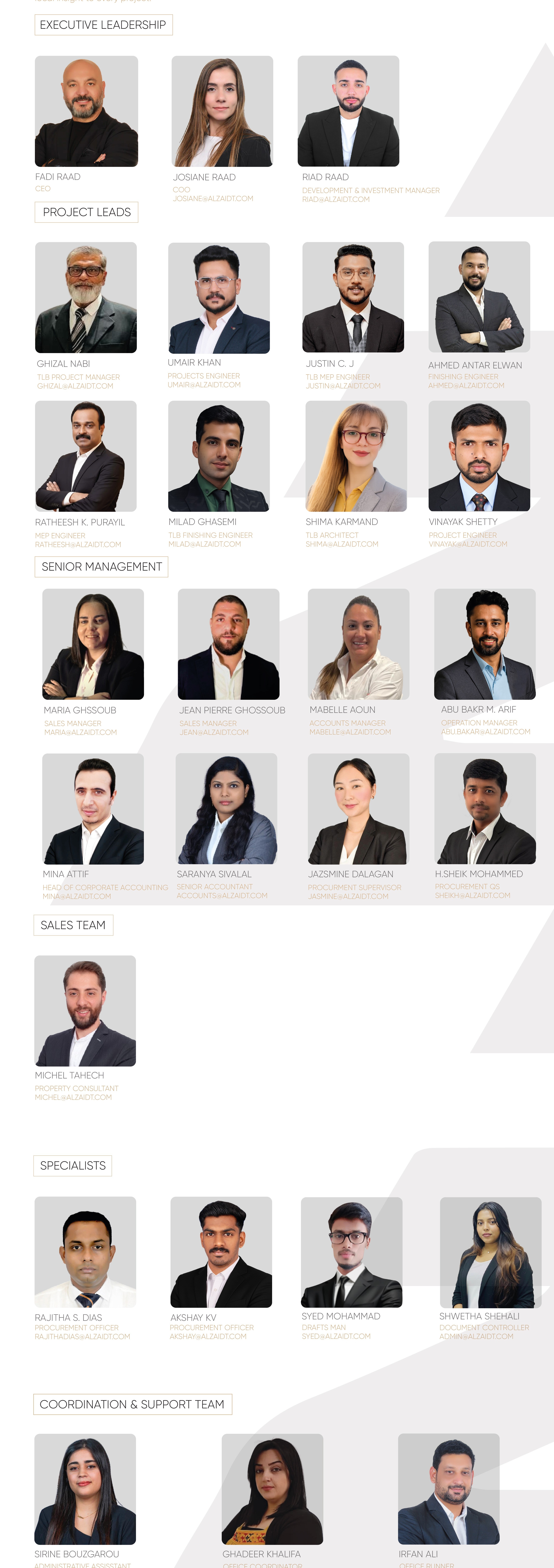Team members smiling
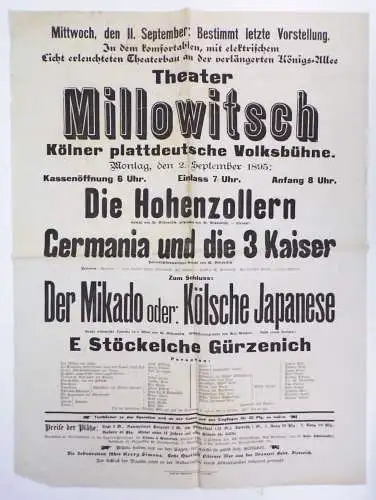 Plakat Theater Millowitsch Volksbühne Köln 1895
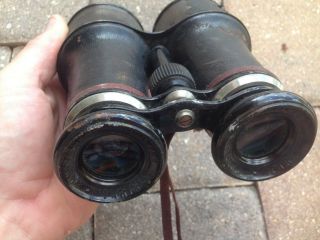 Vintage Antique Chevalier Opticien Paris Binoculars Field Glasses w/Partial Case 7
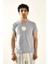 Gri Papatya Nakış Detaylı Bisiklet Yaka T Shirt 2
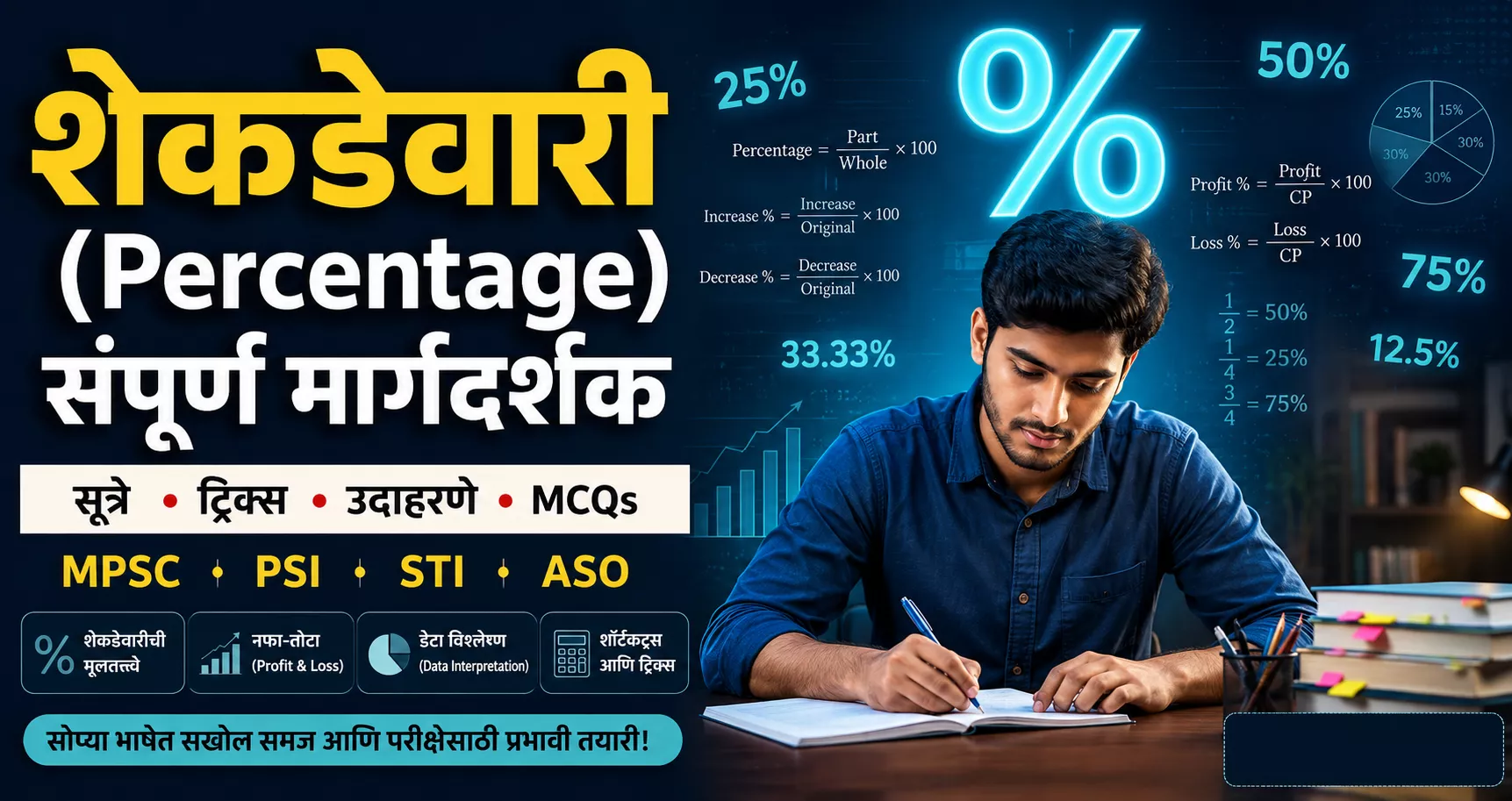 शेकडेवारी Percentage विषयावरील MPSC गणित मार्गदर्शक दर्शवणारी शैक्षणिक Featured Image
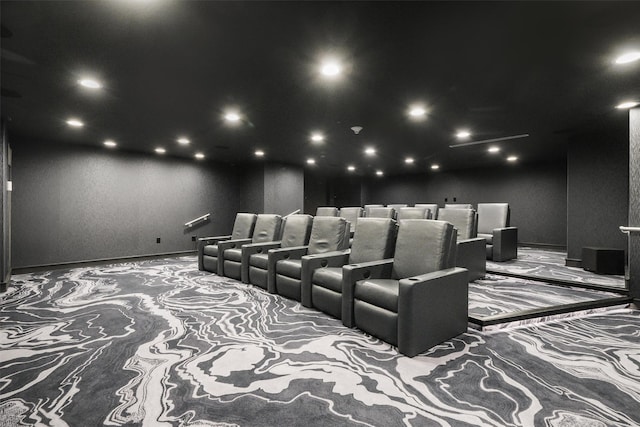 home theater room featuring carpet flooring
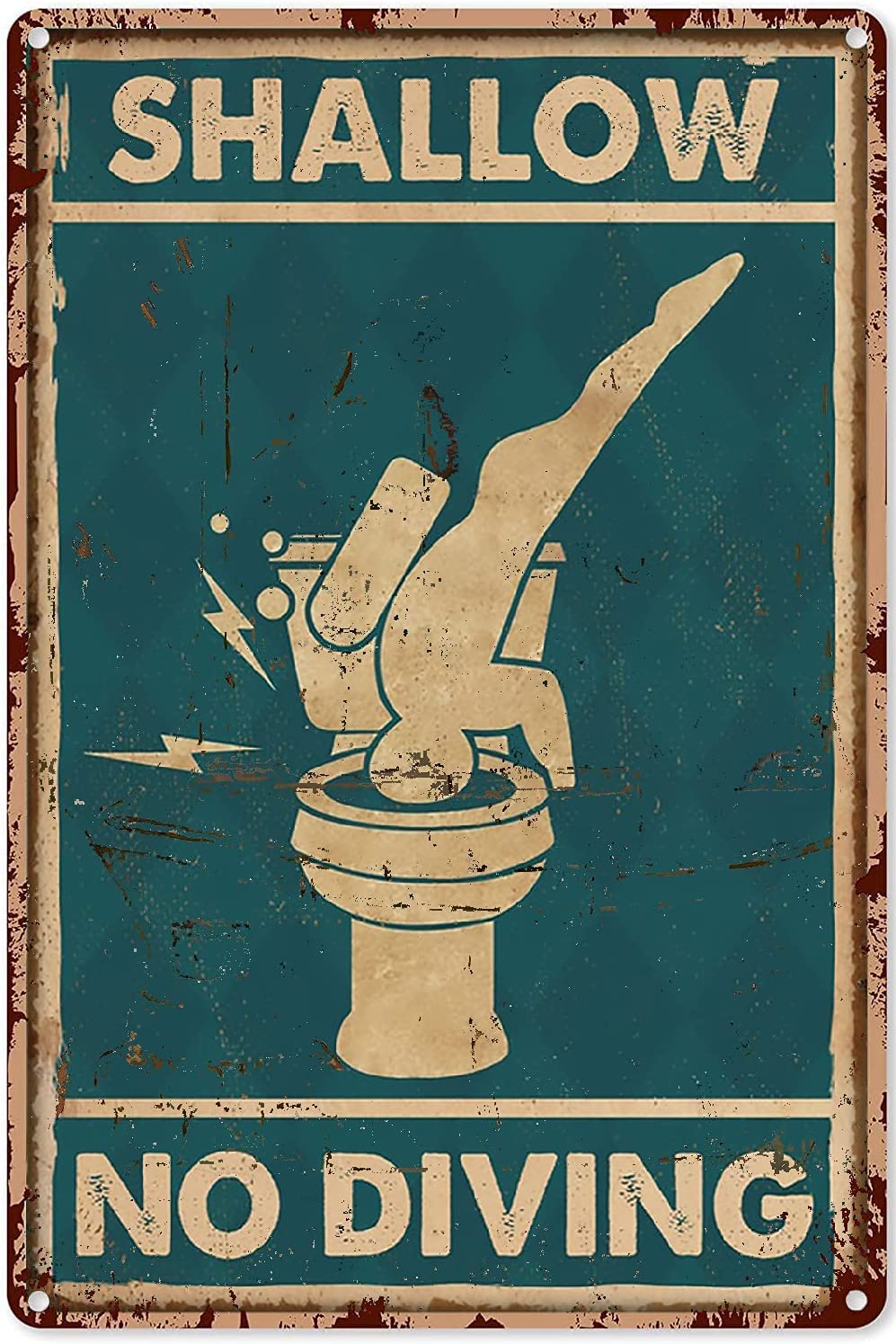 Acdoet Tin-07 Surfing Decorations For Bedroom Shallow No Diving Funny Toilet Poster Scuba Diving Lovers Diver Poster Surf Decor For Bedroom Metal Sign 8X12 Inch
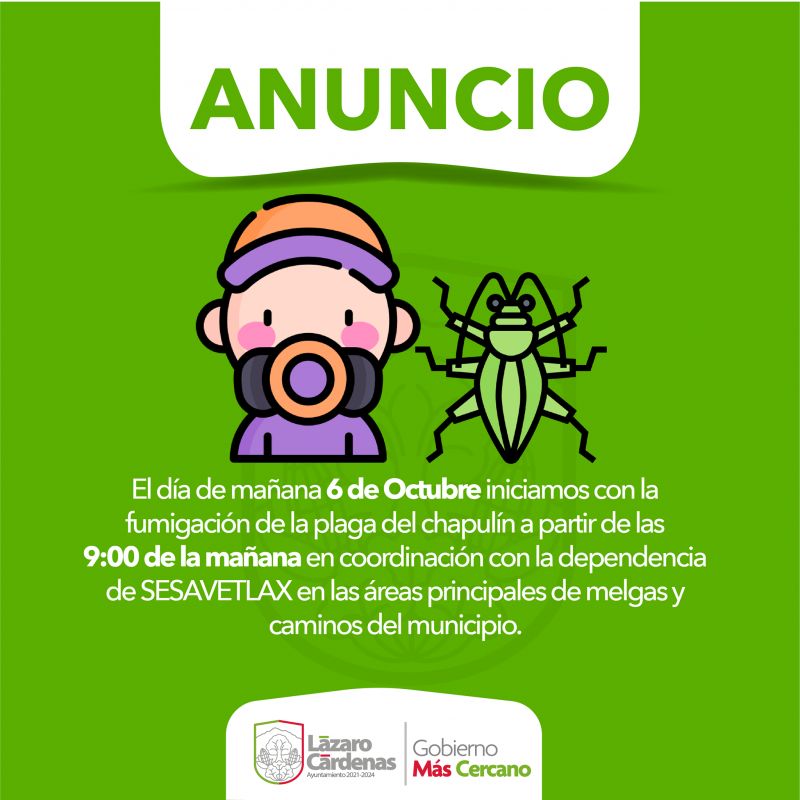 INICIA FUMIGACIÓN CONTRA EL CHAPULIN EN EL MUNICIPIO.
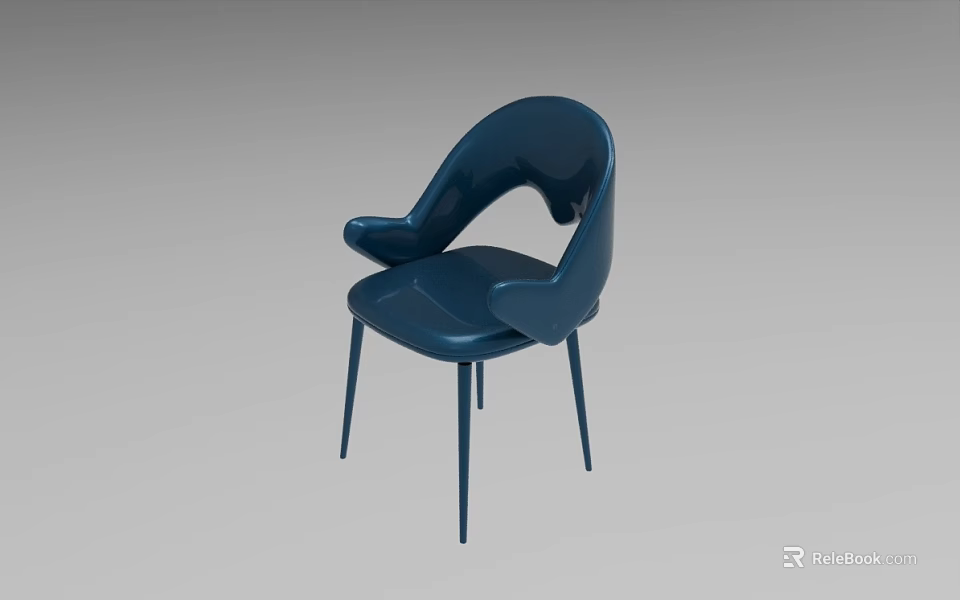 Modern Navy Blue Dining Chair With Armrest Sleek Design And Slender Legs 3d model 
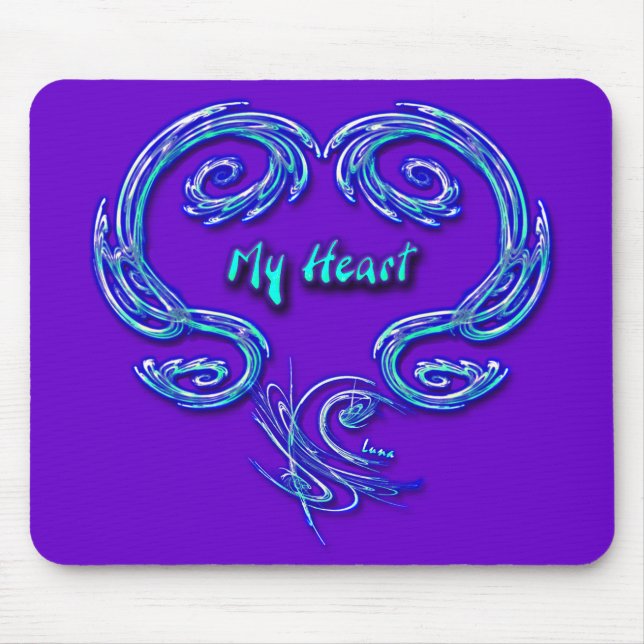 Meu coração Mousepad (roxo) (Frente)
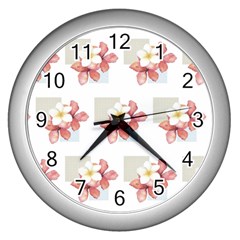 Floral Wall Clock (silver) by Sparkle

++++++++++

▶ **EXERCISE PROMPT**
The lines to copy exactly start with the line above that has "home theater room featuring carpet flooring" and go on through the line that has "INICIA FUMIGACIÓN CONTRA"; please include both, add nothing else, and omit the pictures.

▶ **WORKED SOLUTION**
 home theater room featuring carpet flooring
 Acdoet Tin-07 Surfing Decorations For Bedroom Shallow No Diving Funny Toilet Poster Scuba Diving Lovers Diver Poster Surf Decor For Bedroom Metal Sign 8X12 Inch
 INICIA FUMIGACIÓN CONTRA EL CHAPULIN EN EL MUNICIPIO.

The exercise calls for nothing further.